> Provided data:
::::

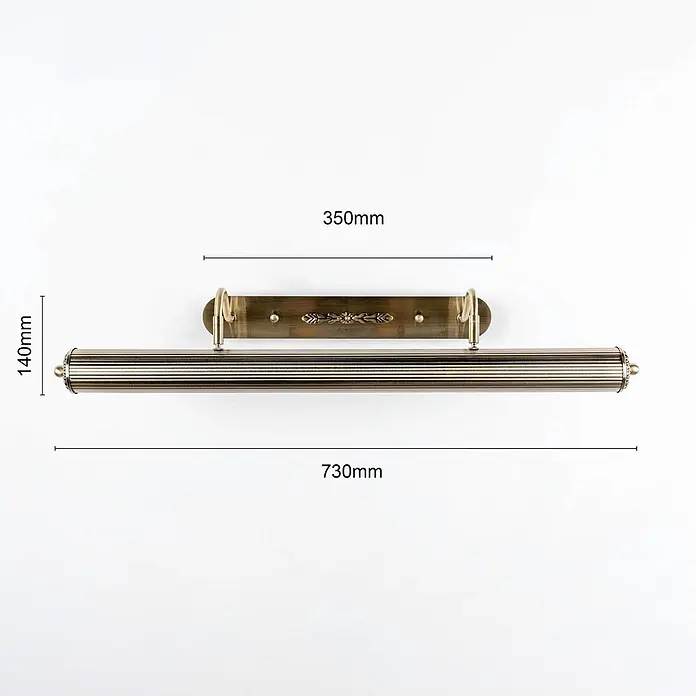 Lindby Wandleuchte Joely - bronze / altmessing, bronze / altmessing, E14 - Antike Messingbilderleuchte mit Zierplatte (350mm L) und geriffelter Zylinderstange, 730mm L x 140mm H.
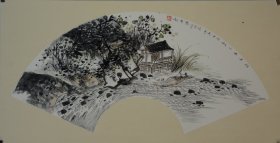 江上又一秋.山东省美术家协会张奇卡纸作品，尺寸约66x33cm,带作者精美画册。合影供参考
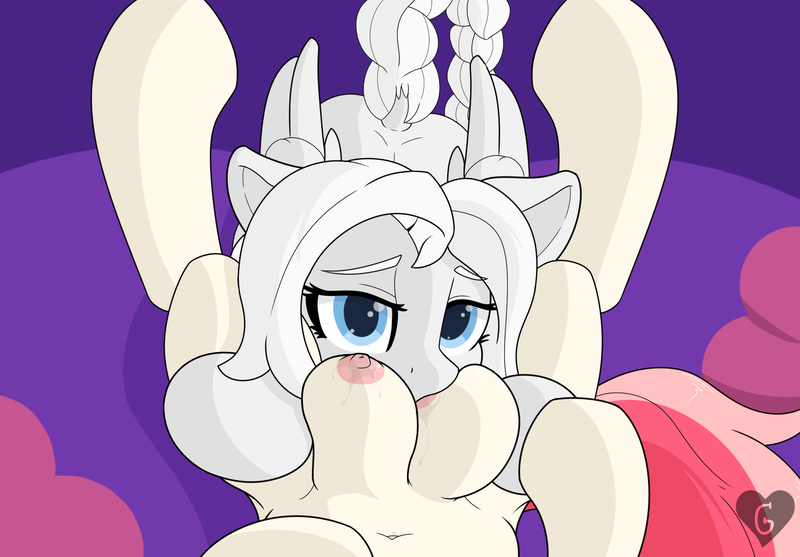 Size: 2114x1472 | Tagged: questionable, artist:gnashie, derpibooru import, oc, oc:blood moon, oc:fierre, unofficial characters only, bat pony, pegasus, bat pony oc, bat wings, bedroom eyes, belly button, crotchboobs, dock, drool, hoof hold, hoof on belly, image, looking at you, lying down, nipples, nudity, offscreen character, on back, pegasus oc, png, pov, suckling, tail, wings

::::

> Your instructions: Please repeat the lines that run from the one holding "江上又一秋.山东省美术家协会" to the last line of the material, both included, exactly and without pictures.

> Expected answer:
 江上又一秋.山东省美术家协会张奇卡纸作品，尺寸约66x33cm,带作者精美画册。合影供参考
 Size: 2114x1472 | Tagged: questionable, artist:gnashie, derpibooru import, oc, oc:blood moon, oc:fierre, unofficial characters only, bat pony, pegasus, bat pony oc, bat wings, bedroom eyes, belly button, crotchboobs, dock, drool, hoof hold, hoof on belly, image, looking at you, lying down, nipples, nudity, offscreen character, on back, pegasus oc, png, pov, suckling, tail, wings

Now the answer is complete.